PROMPT.
Show each line of the data below in which "para" occurs.

THE RECORDS.
%%

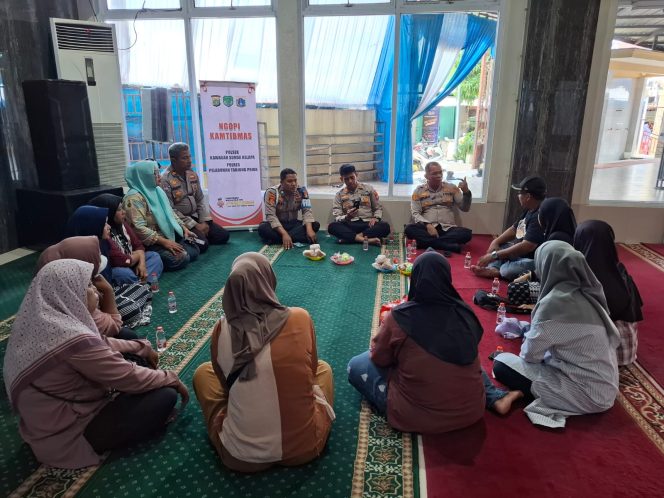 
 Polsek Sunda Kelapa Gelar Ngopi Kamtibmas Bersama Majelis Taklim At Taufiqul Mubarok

%%
%%

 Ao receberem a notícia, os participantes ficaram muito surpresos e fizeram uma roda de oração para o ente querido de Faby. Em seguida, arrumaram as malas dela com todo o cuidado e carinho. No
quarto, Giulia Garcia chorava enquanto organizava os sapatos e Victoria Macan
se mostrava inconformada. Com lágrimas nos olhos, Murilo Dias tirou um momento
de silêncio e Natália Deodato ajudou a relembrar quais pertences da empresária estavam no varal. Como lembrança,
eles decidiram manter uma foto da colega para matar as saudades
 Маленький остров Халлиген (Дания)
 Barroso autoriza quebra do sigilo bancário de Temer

%%
%%

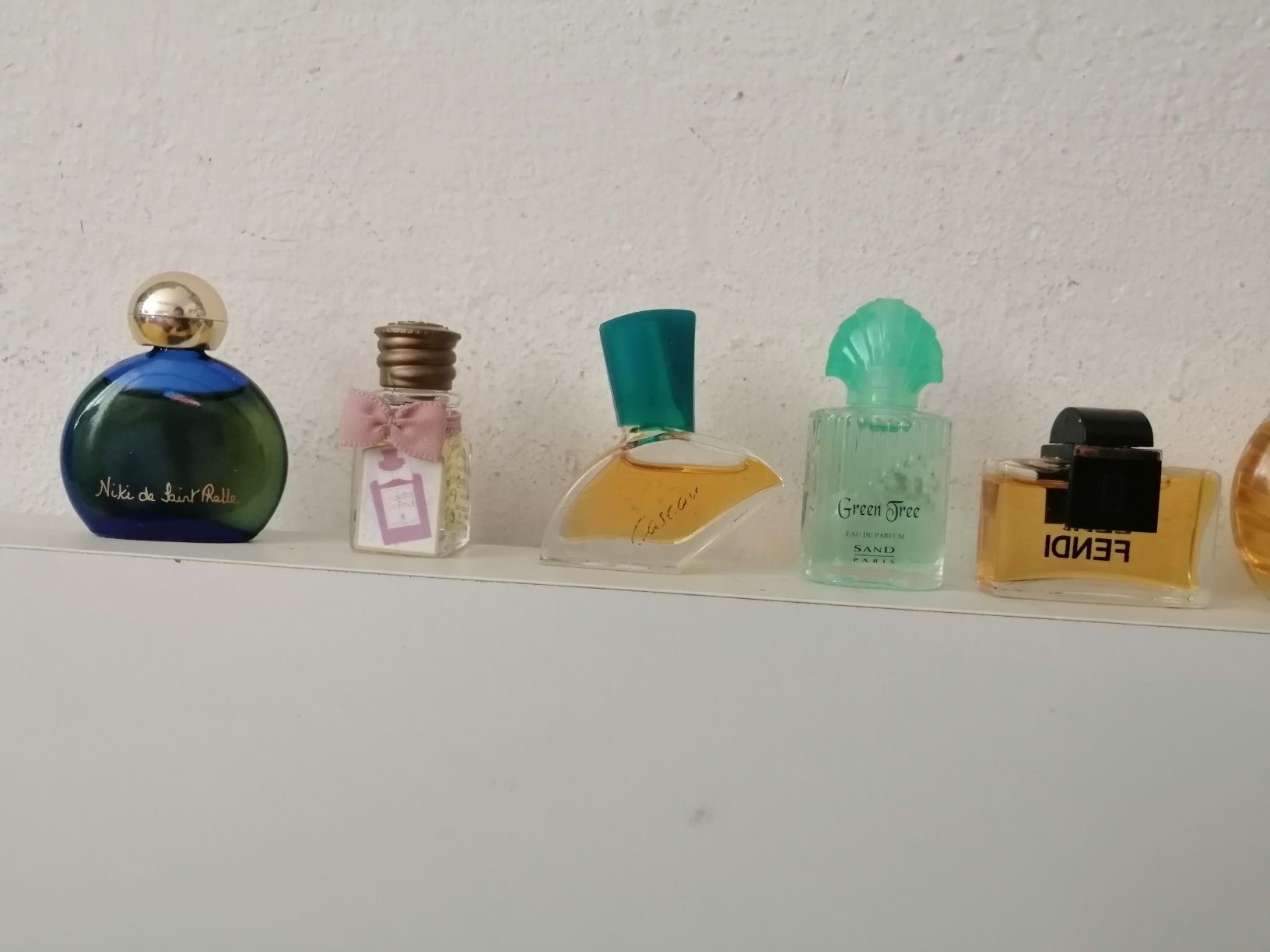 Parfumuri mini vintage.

%%

SOLVED EXERCISE.
 Ao receberem a notícia, os participantes ficaram muito surpresos e fizeram uma roda de oração para o ente querido de Faby. Em seguida, arrumaram as malas dela com todo o cuidado e carinho. No
eles decidiram manter uma foto da colega para matar as saudades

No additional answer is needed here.